Unfortunately there aren’t many positives to add in the market update. See Table 1 for the updated state yield and production estimates compared to the past several years. Note that the production estimate for 2016 has now fallen below that of 2010 and 2014.
Table 1. Arkansas Rice Yield and Production, 2010-2016 (USDA-NASS).
USDA October 12 WASDE:
As expected by many in the rice trade the USDA continued to reduce total long-grain production in October. This month’s Crop Production and supply/demand reports revealed a production cut of 863,000 hundredweight, bringing the 2016 total down to 177 million hundredweight (mcwt.). Arkansas was the only state in which the USDA lowered its production estimate. However, much of this reduction was offset by production increases in California, Texas and Mississippi. The following table details the month-to-month changes in the U.S. long-grain supply and usage.
Table 2. U.S. Long Grain Rice Supply/Demand (USDA-NASS).
In addition to lowering its’ October production estimate, USDA also reduced 2016 long-grain exports. Milled exports were revised lower by 2 mcwt., bringing total long-grain exports down to 79 mcwt. from 81 million last month. At present, the USDA has long-grain exports increasing by 3 percent year-over-year. However, both milled and rough export sales continue to run well behind year ago levels.

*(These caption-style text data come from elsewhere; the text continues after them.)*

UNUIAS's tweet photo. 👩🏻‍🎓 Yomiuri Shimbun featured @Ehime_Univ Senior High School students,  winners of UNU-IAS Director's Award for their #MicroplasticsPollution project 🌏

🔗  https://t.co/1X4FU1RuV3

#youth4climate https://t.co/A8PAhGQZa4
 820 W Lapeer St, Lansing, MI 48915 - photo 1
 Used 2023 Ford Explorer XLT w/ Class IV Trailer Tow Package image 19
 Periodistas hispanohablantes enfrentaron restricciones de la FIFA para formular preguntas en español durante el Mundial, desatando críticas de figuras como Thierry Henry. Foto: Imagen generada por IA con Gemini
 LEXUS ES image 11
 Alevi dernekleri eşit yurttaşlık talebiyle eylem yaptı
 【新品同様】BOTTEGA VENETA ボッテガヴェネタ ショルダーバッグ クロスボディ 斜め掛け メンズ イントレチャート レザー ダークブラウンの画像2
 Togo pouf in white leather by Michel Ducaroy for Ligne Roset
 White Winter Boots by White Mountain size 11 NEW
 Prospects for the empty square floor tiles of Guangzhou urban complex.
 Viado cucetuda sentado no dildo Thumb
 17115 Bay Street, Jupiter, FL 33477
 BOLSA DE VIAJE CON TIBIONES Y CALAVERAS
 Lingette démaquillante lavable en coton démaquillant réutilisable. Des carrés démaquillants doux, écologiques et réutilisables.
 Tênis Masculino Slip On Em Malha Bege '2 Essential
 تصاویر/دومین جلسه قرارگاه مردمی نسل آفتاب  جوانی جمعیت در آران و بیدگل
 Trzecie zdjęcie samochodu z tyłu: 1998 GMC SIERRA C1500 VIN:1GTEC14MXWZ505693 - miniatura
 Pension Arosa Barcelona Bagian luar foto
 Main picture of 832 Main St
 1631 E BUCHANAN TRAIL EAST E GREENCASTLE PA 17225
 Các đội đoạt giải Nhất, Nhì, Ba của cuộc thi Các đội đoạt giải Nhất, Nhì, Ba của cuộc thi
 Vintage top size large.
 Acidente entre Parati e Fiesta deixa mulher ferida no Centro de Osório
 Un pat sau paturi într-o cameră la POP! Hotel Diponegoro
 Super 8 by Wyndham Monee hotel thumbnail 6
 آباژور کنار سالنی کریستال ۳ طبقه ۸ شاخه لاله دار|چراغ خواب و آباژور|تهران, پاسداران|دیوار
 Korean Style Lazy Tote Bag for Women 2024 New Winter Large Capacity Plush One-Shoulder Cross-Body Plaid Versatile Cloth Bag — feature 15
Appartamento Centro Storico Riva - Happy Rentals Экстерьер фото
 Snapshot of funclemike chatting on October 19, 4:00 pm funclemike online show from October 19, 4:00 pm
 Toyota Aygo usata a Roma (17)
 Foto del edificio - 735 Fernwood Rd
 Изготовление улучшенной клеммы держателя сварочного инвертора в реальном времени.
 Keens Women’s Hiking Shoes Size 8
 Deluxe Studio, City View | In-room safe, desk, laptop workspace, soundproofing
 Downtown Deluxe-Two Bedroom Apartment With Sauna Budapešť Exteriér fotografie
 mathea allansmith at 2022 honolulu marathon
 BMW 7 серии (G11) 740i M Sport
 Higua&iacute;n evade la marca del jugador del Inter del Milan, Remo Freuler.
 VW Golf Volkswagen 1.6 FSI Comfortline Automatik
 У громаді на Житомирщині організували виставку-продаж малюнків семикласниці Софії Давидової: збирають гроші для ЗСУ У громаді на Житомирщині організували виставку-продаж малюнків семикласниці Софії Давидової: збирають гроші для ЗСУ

With long-grain production declining almost 900,000 hundredweight and exports being reduced by 2 mcwt., ending stocks increased from the prior month by 1.1 mcwt. to 38.2 million, compared to 37.1 million last month. The current ending stocks estimate represents a 68% percent increase over last year and the highest carry-over since the 1985/86 marketing year. The USDA made no changes this month to its’ 2016 long-grain price outlook. Average long-grain producer prices are expected to be in the range of $4.14 to $4.59 per bushel.
As of October 12, the USDA is projecting a 2015 marketing year average price for long grain of $11.10/cwt. or $4.995/bu. A projected PLC Payment Rate can be determined by subtracting the $4.995/bu. marketing year average price from the PLC Reference Price of $6.30/bu. This equals a projected PLC Payment Rate of $1.305 per bushel. The same method can be used to calculate the payment rate for southern medium grain, which is projected at $1.215 per bushel.
Table 3. 2015 Projected Rice PLC Payment Rates (as of Oct. 12, 2016).
The USDA Farm Service Agency recently announced that PLC and ARC payments for the 2015 marketing year will be reduced by 6.8% (due to the 2011 Budget Control Act) as was the case for the 2014 marketing year payments.
Projected 2015 and 2016 PLC payment rates are updated and posted monthly on the Farm Service Agency’s “ARC/PLC Program Data” website. Look under the heading “Program Year 2015 Data” for “Projected and Final 2015 PLC Payment Rates”. The USDA is expected to announce the final marketing year prices for long grain and medium grain rice on October 31st. Any payments would then be made in early November.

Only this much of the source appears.